Brian Greenspan, the veteran Toronto defense lawyer representing Mr. Nygard, pressed the woman on whether she planned to pursue civil litigation. He said that was not on her mind, adding that Ms. Allred was not hired to represent her.
Four of the plaintiffs are involved in another lawsuit in the United States, which Greenspan says is financed by Louis Bacon, a hedge fund billionaire who owns a property in the Bahamas next to Nygard’s. The two wealthy neighbors have been involved in multimillion-dollar legal disputes for decades.
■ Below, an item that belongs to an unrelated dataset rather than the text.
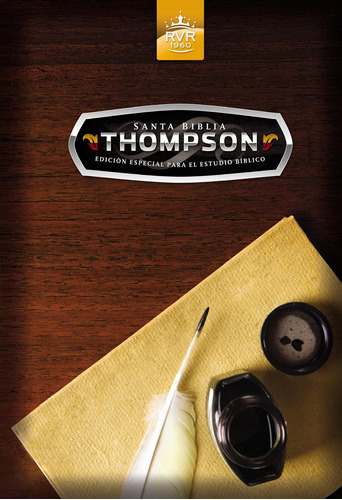 Libro: Biblia Thompson Edición Especial Para El Estudio Bíbl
Mr. Nygard has been awaiting his criminal trial in prison for the past two years after being arrested at his home in Winnipeg, Manitoba.
The first witness met Mr. Nygard during a flight to Toronto from the Bahamas. She testified that he raped her in the office bedroom in 1989.
The younger complainant, now 35, testified that she was a teenager when she and the older man she was dating were invited to what was supposed to be an “elaborate and extravagant” party at Mr. Nygard’s office. There was no party. Instead, her partner insisted that Mr. Nygard examine her “undeveloped” genitals, despite her refusal, she testified. Another woman was present when Nygard raped her, she said.
“I remember looking at her hoping she would stop it, and she didn’t,” the woman said.
The trial resumes next week and is expected to conclude in less than three weeks.
Mathew Silver contributed reporting from Toronto.